I am trying to understand the definition of Q-criterion, which is the 2nd invariants of the velocity gradient tensor
Q = \frac{1}{2}\left[\text{tr}(D)^2 - \text{tr}(D^2)\right] = \frac{1}{2}(D_{ii}D_{jj} - D_{ij}D_{ji}) = \frac{1}{2}(u_{i,i}u_{j,j} - u_{i,j}u_{j,i})
where the D_{ij} = \frac{\partial u_i}{\partial x_j} is the velocity gradient tensor. Under the incompressible condition, will reduce to Q = -\frac{1}{2}u_{i,j}u_{j,i}

Well, this part I can totally get it. But go further will have Q = \frac{1}{2}\left(||\Omega||^2 - ||S||^2\right) (from Eq.(2) in [1]), where \Omega is the vorticity tensor, S is the rate-of-strain tensor, and the magnitude is defined as ||\Omega||^2 = tr(\Omega\Omega^T) = \Omega_{ij}\Omega_{ji}.

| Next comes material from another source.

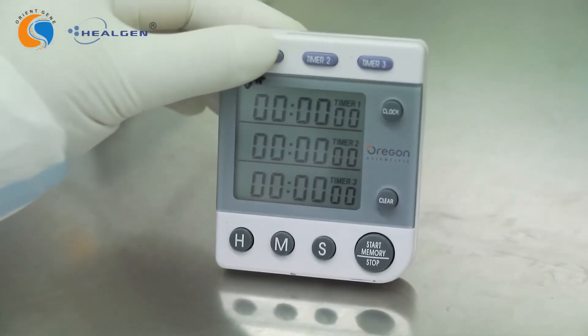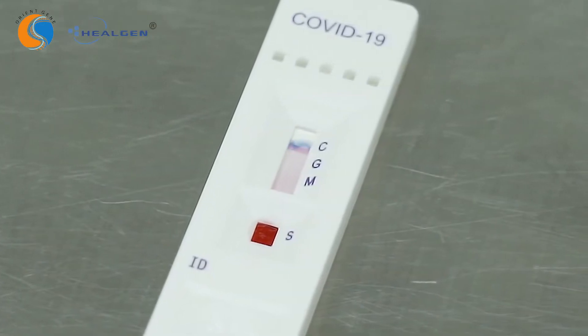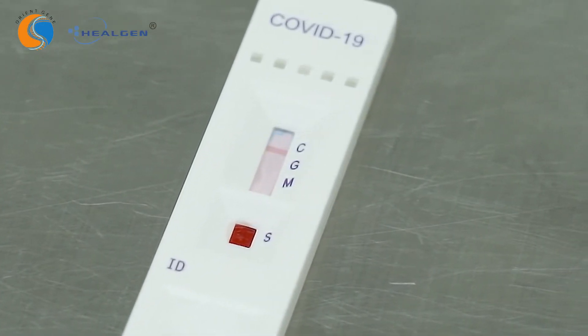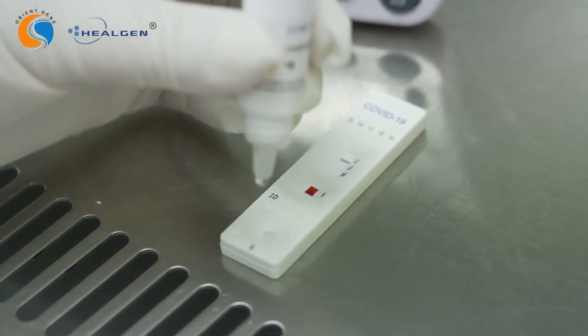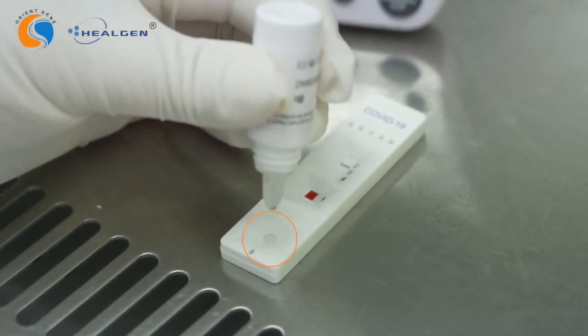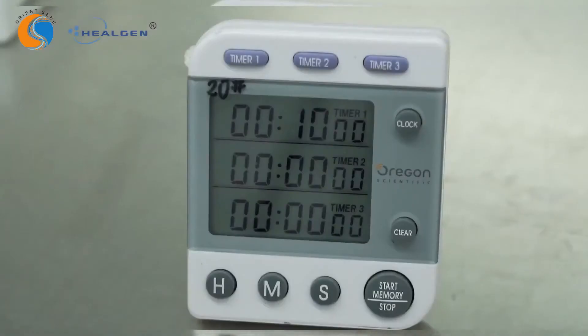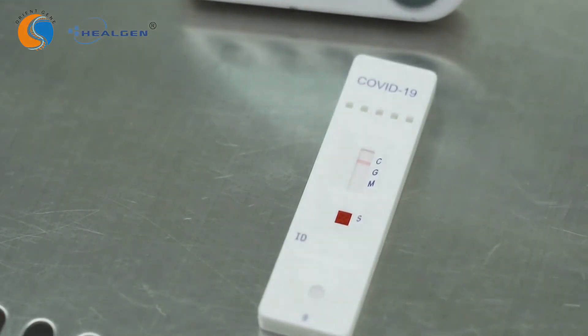Start the timer. If, after two minutes, the sample has not moved across the test window or if blood is still present in the sample well, add one additional drop of buffer to the buffer well. Read the test result in 10 minutes. Do not interpret the results after 15 minutes.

However, if start from this one and go back to the definition stated at the top, I just can't reach the same result, which I have
Q = \frac{1}{2}[(u_{i,j} - u_{j,i})(u_{j,i} - u_{i,j}) - (u_{i,j} + u_{j,i})(u_{j,i} + u_{i,j})] = -\frac{1}{2}(u_{i,j}u_{i,j} + u_{j,i}u_{j,i}) \neq -\frac{1}{2}u_{i,j}u_{j,i}
or
\neq \frac{1}{2}(u_{i,i}u_{j,j} - u_{i,j}u_{j,i})
which apparently different from the one after applying incompressible condition.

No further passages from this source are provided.